Unicode - Episode 1.000: The Final Chapter (Update...

JimSpath · ‎02-12-2008

We Did IT!

Summary: Our second 6 Terabyte Weekend is complete. One business day later, no surprises have been reported. The plan was executed to successful completion, with a slow start but on time delivery.

We set a new land speed record for Unicode conversion!

The first installment of this Unicode blog series was posted prior to SAP Tech '07 Las Vegas, where I did a Community Day session on Unicode ("Unicode Free-For-All. Covers MDMP, TU-UC and more"), and then presented on our first R/3 and BW conversion earlier in 2007. Later episodes are linked below. In the spirit of Community Day, here are just a few who helped us during our project (in alphabetical order):

Rich Bernat - Chevron - see his TechEd '06 slides on single code page conversion
Brenda Buehl
Nils Bürckel
Kristen Chester - Microsoft
Alexander Davidenkoff - see his TechEd '06 slides .
Brad Dillingham - i18n
Jeff Duly - Dow Corning
Mike Eacrett - e.g., Re: combined upgrade and unicode conversion
matt.kangas/blog
Paul Loos - Oracle
peter.mcnulty/blog
Dick Mondy - Nibco
Atul Patankar - Discovery
Michaela See
Mike Vergara - was with Guidant
Hideki Yamamoto - see his TechEd '05 slides - HP

Nils and Alexander have a book "Unicode in SAP Systems" (German and English) with Detlef Werner. If not otherwise listed, names above are with SAP.

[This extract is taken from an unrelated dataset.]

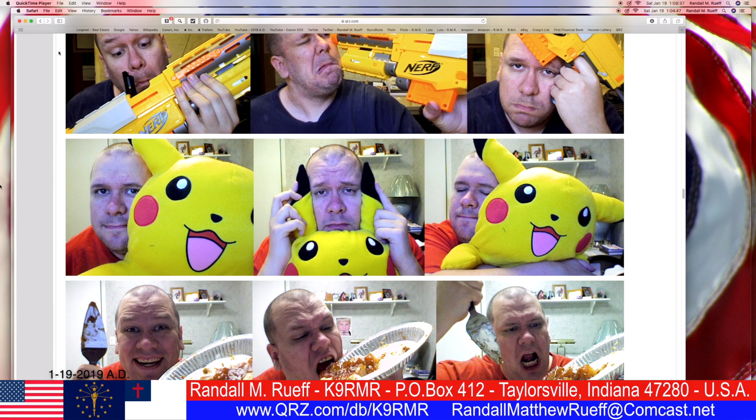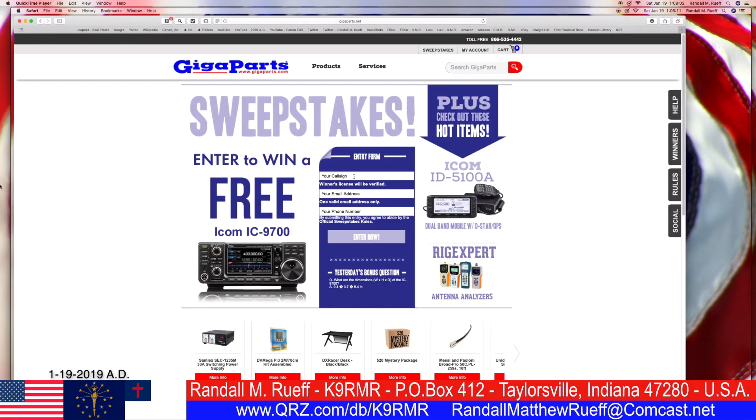Hello, ladies and gentlemen, boys and girls. I'm Randall M. Roof. My call sign is K9RMR. First, let's get my call sign: K9RMR.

And of course, gratitude to all the team members at Black & Decker, who accomplished the following:

Converted 16 SAP systems to Unicode, including EMEA R/3, NAPT R/3, BW, and SCM
Moved over 20 Terabytes of data
Built over 20 temporary SAP systems
Leveraged IBM server virtualization to shorten conversion times and downtimes for the users
Migrated 8 systems to Oracle 10 from Oracle 9
Identified and retired over 300 custom SAP programs no longer in use

Team members spent a sleepless weekend so that business users were able to log on Monday morning with no noticeable difference. At the risk of forgetting someone, my sincere thanks to Bob, Donna, Chris, Kirsten, Maria, Evelyn, Jim C., Gary, Sandra, Rusty, Craig, Mike, Ian, Lou, John and all the operations and infrastructure teams.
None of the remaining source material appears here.